[Provided information — start]

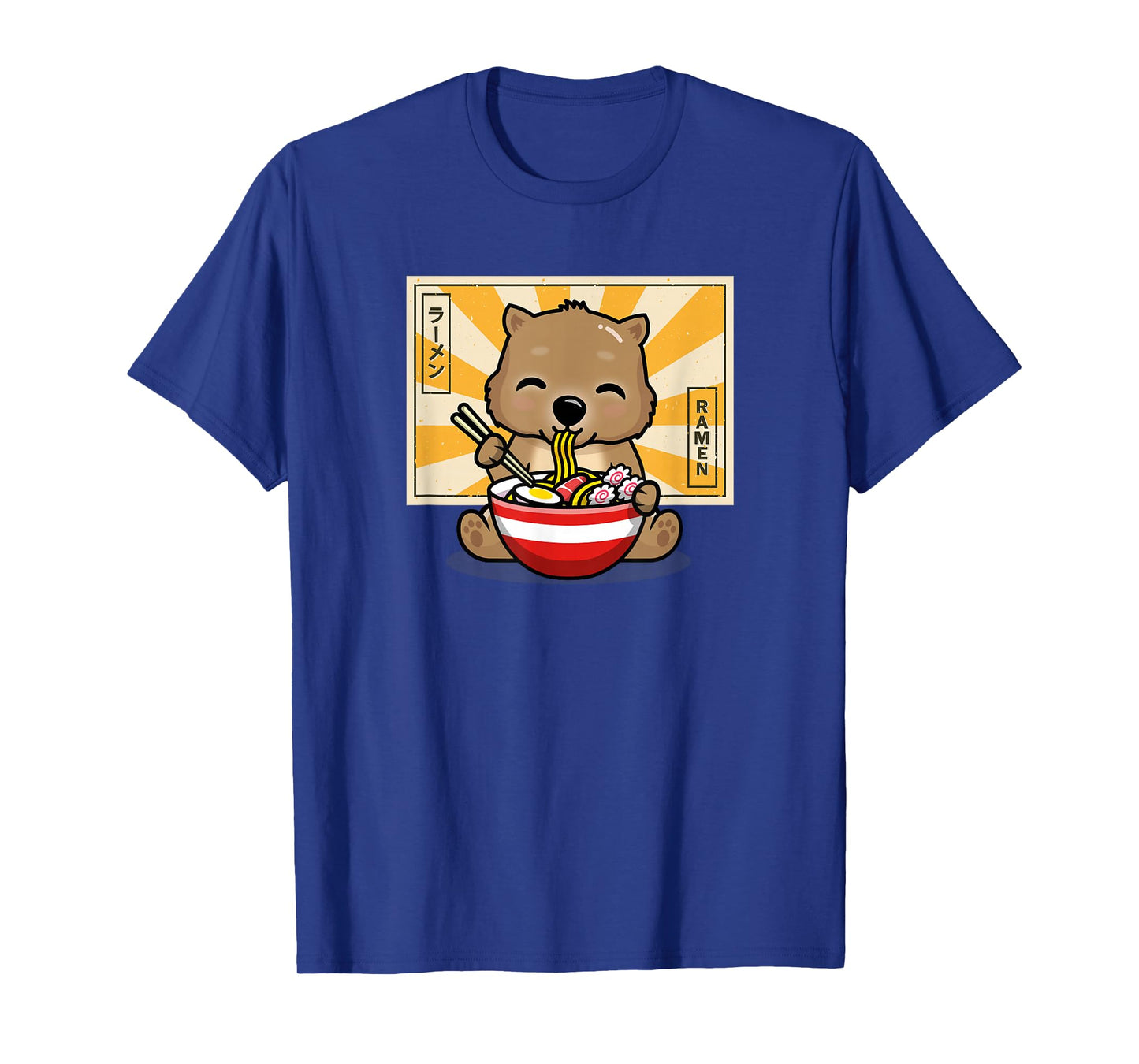 Funny Cartoon Kawaii Kids Boys Girl Anime Ramen Wombat Lover T-Shirt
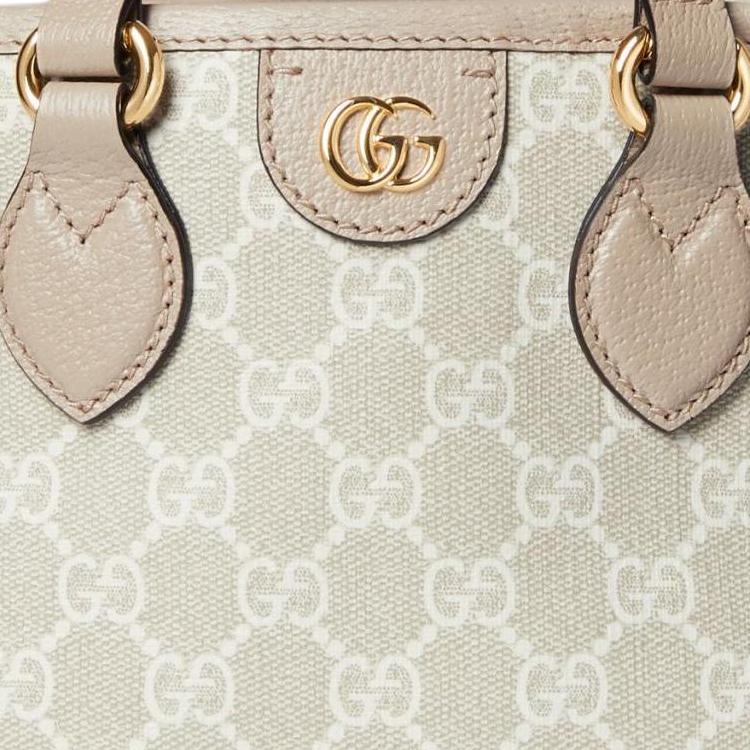 Gucci Ophidia Detachable Shoulder Strap Double G Logo Canvas And Leather Trim Mini Shoulder Crossbody Bag Women handbags Beige White 811716-FAA4G-9897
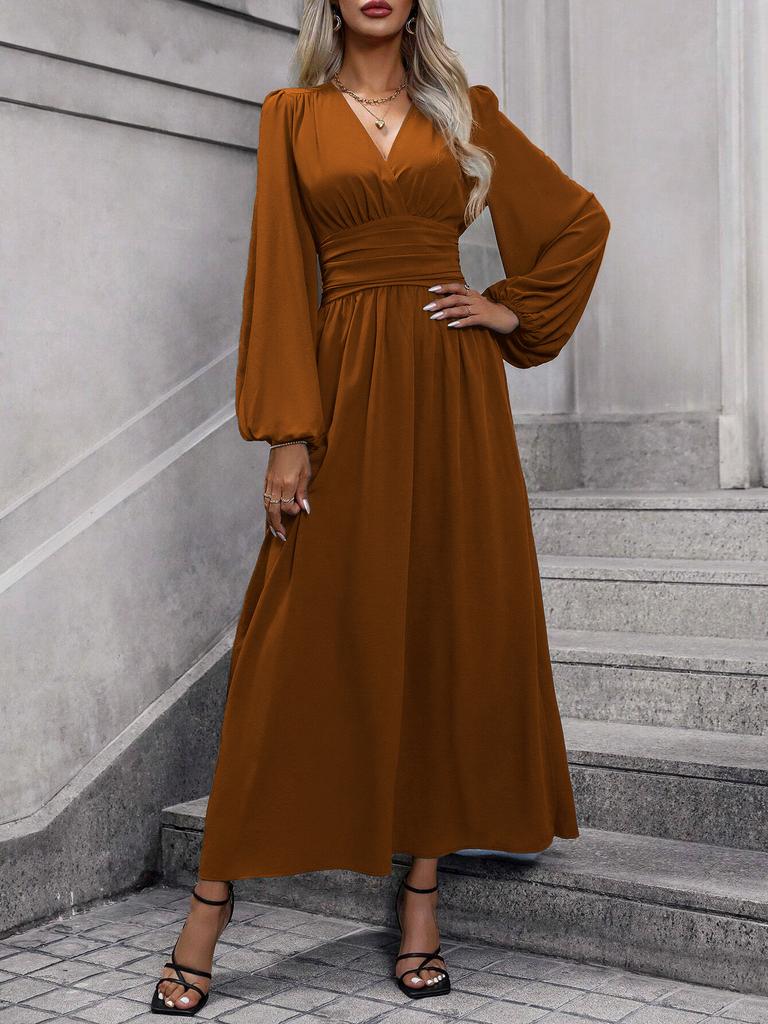 Women Dress Autumn Winter Women's Lantern Sleeve Dress Smocked Design High Slit Elegant Long Sleeve Midi Dress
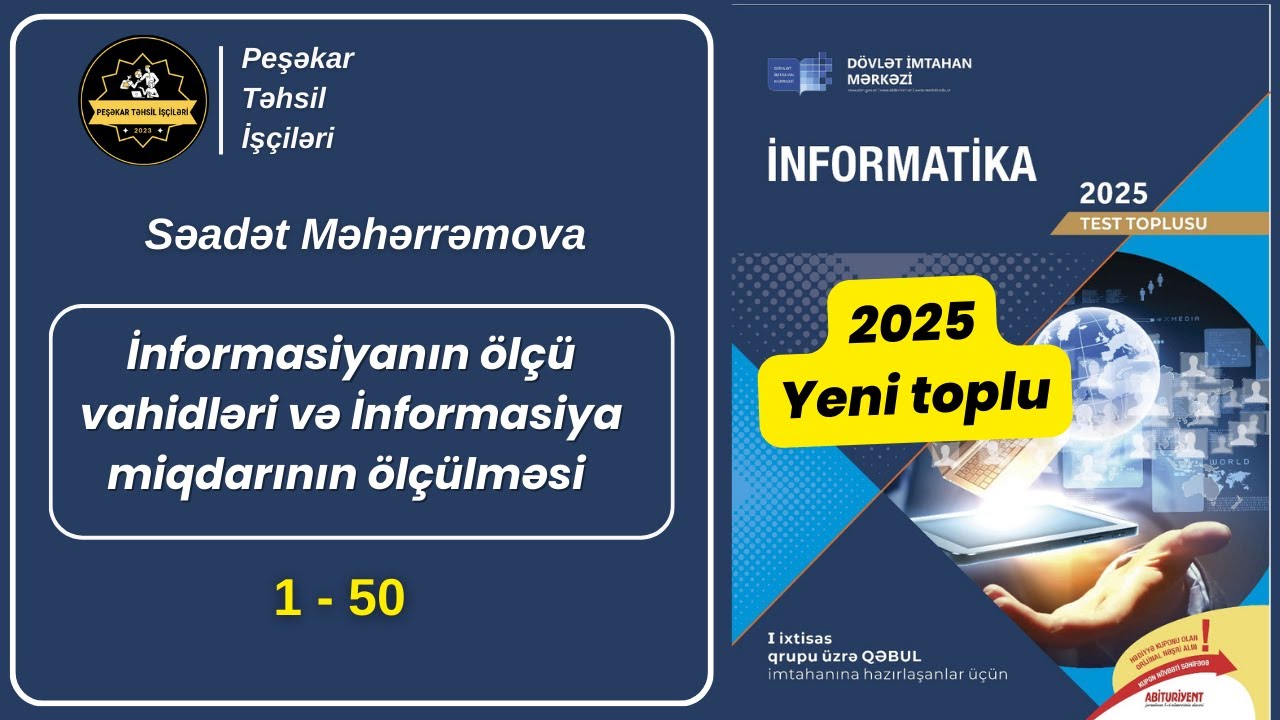 İnformasiyanın ölçü vahidləri və İnformasiya miqdarının ölçülməsi 1-50 İnformatika DİM 2025.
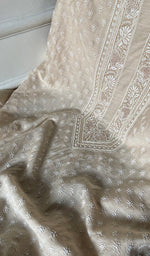 将图像加载到图库查看器中， Lucknowi Handcrafted Munga Silk Unstitched Chikankari Unisex Kurta Fabric - HONC0340840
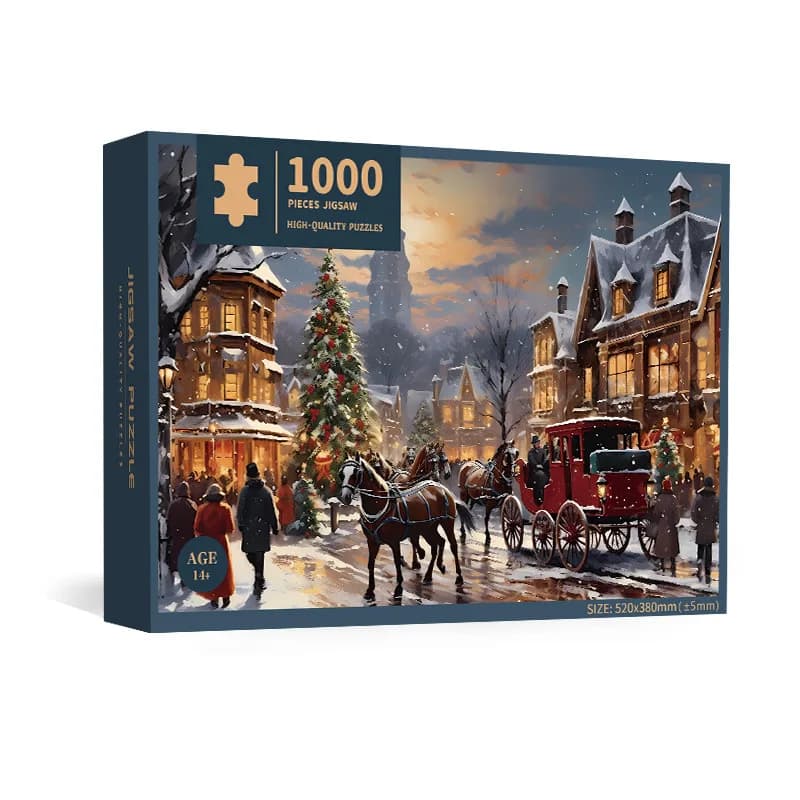 Puzzle de carte blanche série bricolage de noël 52x38cm, jouet en papier, peinture murale, cadeau po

[Provided information — finish]

Task goal ▸ An exact copy of the lines above from the one with "Women Dress Autumn" up to and including the one with "将图像加载到图库查看器中， Lucknowi Handcrafted" is required; reproduce only those lines, omitting all pictures.

Output for this task ▸
 Women Dress Autumn Winter Women's Lantern Sleeve Dress Smocked Design High Slit Elegant Long Sleeve Midi Dress
 İnformasiyanın ölçü vahidləri və İnformasiya miqdarının ölçülməsi 1-50 İnformatika DİM 2025.
 将图像加载到图库查看器中， Lucknowi Handcrafted Munga Silk Unstitched Chikankari Unisex Kurta Fabric - HONC0340840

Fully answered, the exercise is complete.